Assume gravelly cowboy voice:
“Hitachibots, transform and roll out!”
Yeeaaah… umm, nope.

Okay, sadly Japan’s big automakers aren’t yet churning out sentient, anthropomorphized, purely good or purely evil all-male robot warriors. But they are very hip to developing and deploying practical versions of so-called robot cars in cooperation with domestic government agencies (Ministry of Land, Infrastructure, Transport and Tourism – MLIT), one another, and given their global reach, international partners as well. Domestically, the current aim is to deploy highly autonomous, self-driving cars on freeways within 9-10 years. If the system proves successful, a global brand like Nissan or Toyota would surely find additional markets in other, much larger national freeway systems (ex: the massive national networks of China and the United States).

Concepts and proposals for robotic automobiles have been around for almost 80 years, and functional experimentation has been ongoing since the early 1980s. Actually, when breaking it down by individual features, 0ne can see that cars have been gradually roboticizing for a long time, e.g., power steering, power windows, power mirrors, anti-lock brakes, etc., etc.

So naturally, big J-Auto’s development of self-driving, partially autonomous, and arguably robotic feature sets isn’t novel. The 2003 Toyota Prius (Japan only), for example, was the first car available with a sonar-based Intelligent Parking Assist System (IPAS) wherein the driver operates the brake and the car calculates optimal steering angles for automated parallel parking (this option didn’t make it to the U.S. until 2009). Robotic features aren’t limited to driving, as here with the 2006 Mazda Miata’s Transformer-like power sunroof:

So what else is there with the Japan/robot car special connection situation? Well, geography, as it is so often want to do, must also insert itself into this macro-cultural equation. Insofar as: Japan’s approximately 130 million residents are shoehorned onto a mere 30% of the country’s land area – and not by choice, the other 70% is either too unstable, rugged, or topographically crazy to be inhabited. So, if one imagines all those people in contiguous urbanization on an island nation about the size of the U.S. state of Ohio, or just a bit larger than Portugal, one can appreciate the extreme population density and everyday challenge of very close-quarter driving and parking.

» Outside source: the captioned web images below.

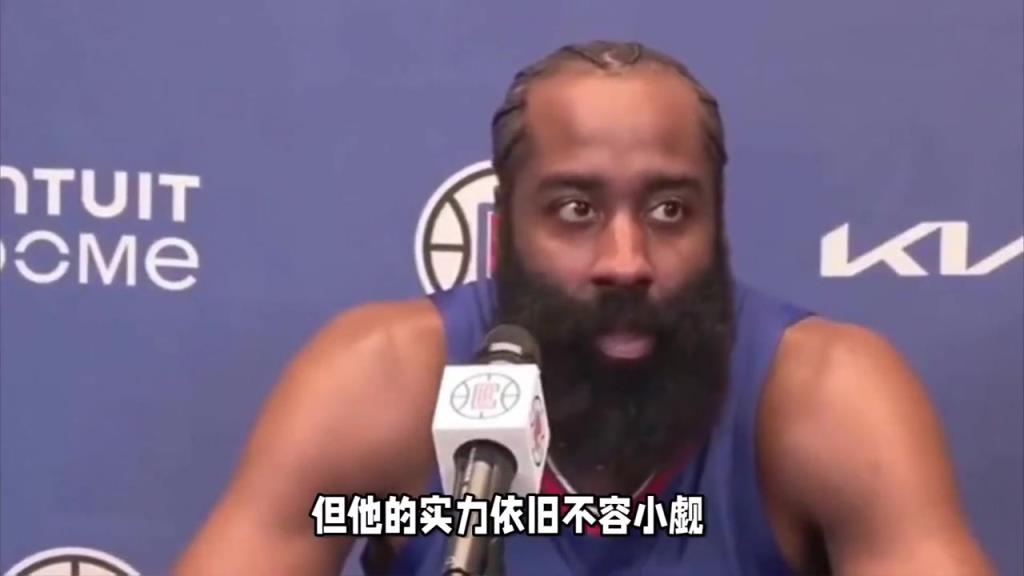 今年終于回歸!去年今天NBA公布最佳陣容 哈登連續(xù)4年無緣~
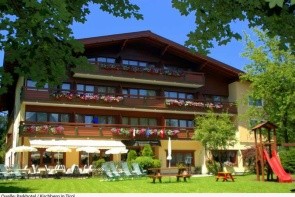 Parkhotel Kirchberg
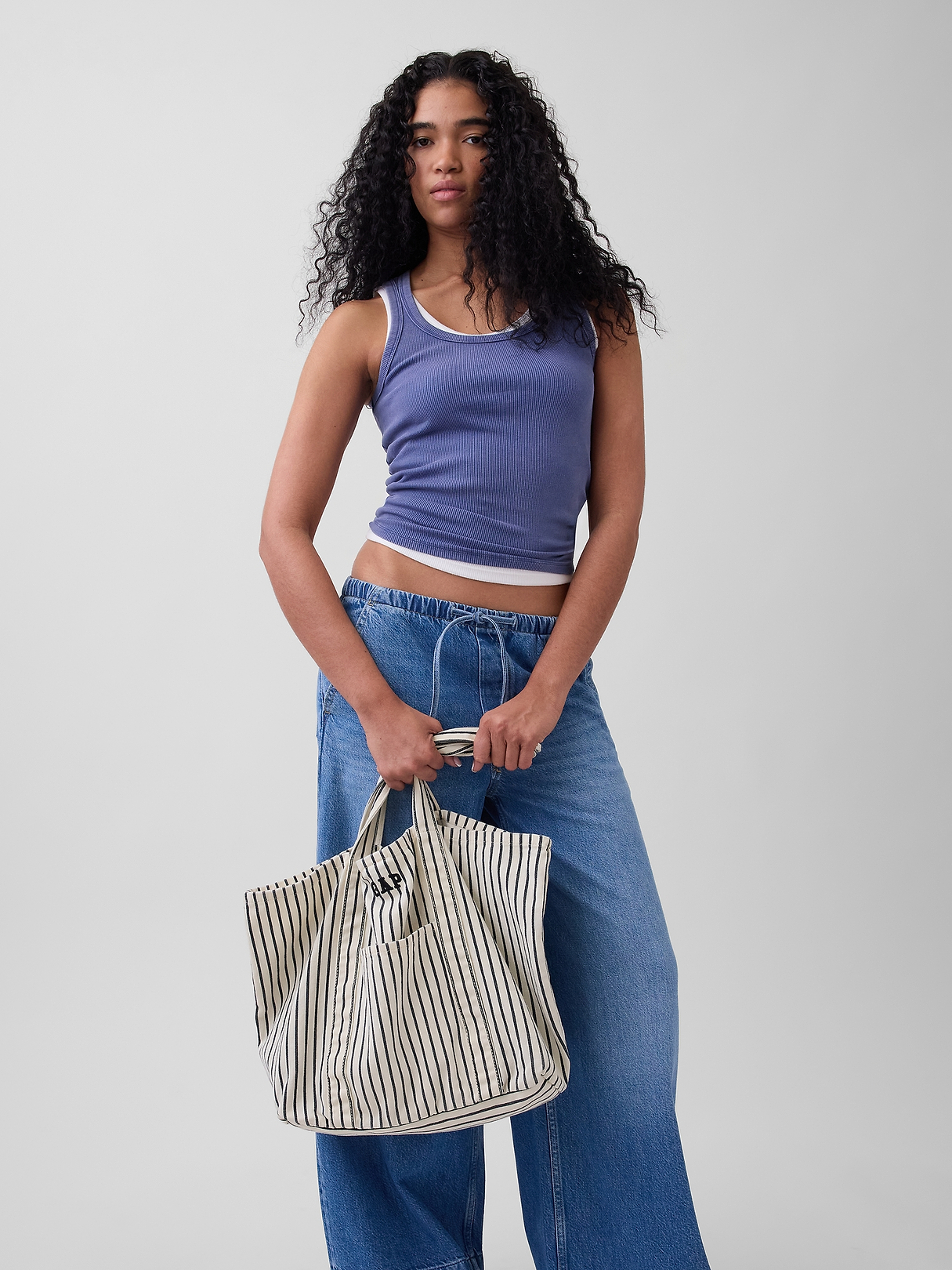 Gap Logo Tote Bag | Gap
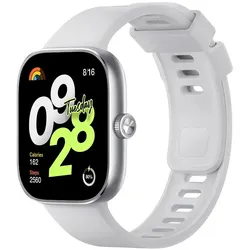 Xiaomi Redmi Watch 4 (41.10 mm, ohne SIM), Smartwatch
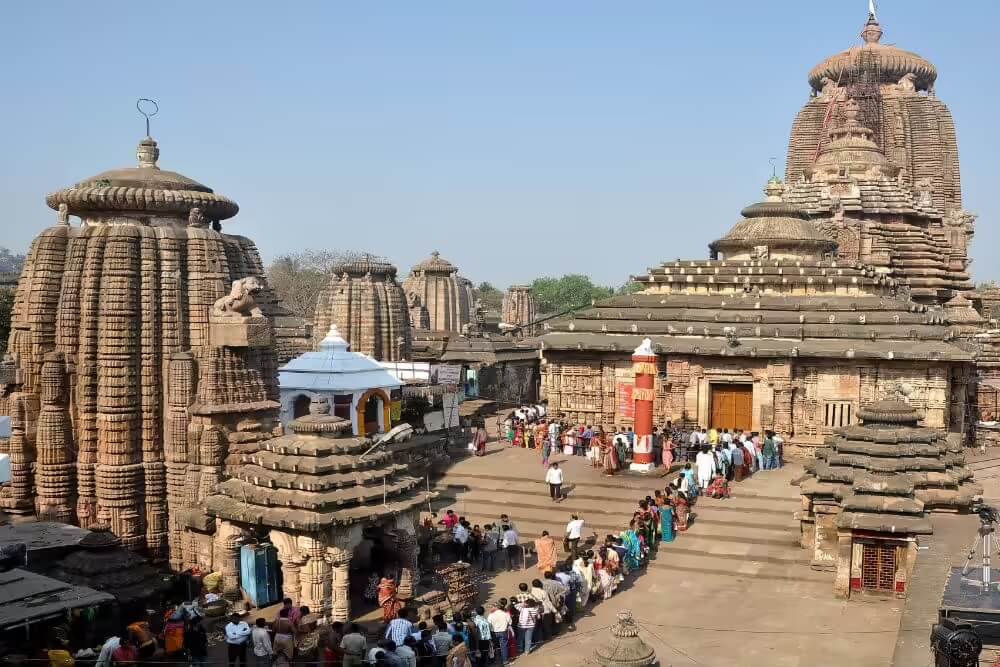 Temples of Bhubaneswar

Another big deal for robotic cars here is the very long-term continuous habitation of the habitable areas. See, when one gets off the modern, 1st world-standard, highly developed roadways, in most cases one will quickly find oneself winding through very narrow streets with little if any standardized configuration. Human beings have been living along the same trails-that-became-roads-that-became-streets for many hundreds, if not thousands of years – long before there was much regard for large-scale municipal planning or an even vague anticipation of the motor vehicle. The analog compensation here is that nearly every non-arterial, non-grid-like intersection in Japan has an array of fish-eye mirrors at each corner, and drivers either use them or risk having no idea what’s coming. A networked robotic car, however, would be able to “see” around the corners, which would be nice when navigating this Tokyo neighborhood:

And then there’s the demographics. We mentioned assistive robots’ role in Japan’s aging society a few weeks back; this country has a big-deal labor shortage coming up in a generation and a half or so. In addition to the role robotics will very likely play in augmenting a dwindling human services labor force, a day spent in any Japanese city futilely looking for taxi or bus driver under 45 will clearly reveal another pending labor shortage. Who’s going to fill those jobs in 25 years? Yep.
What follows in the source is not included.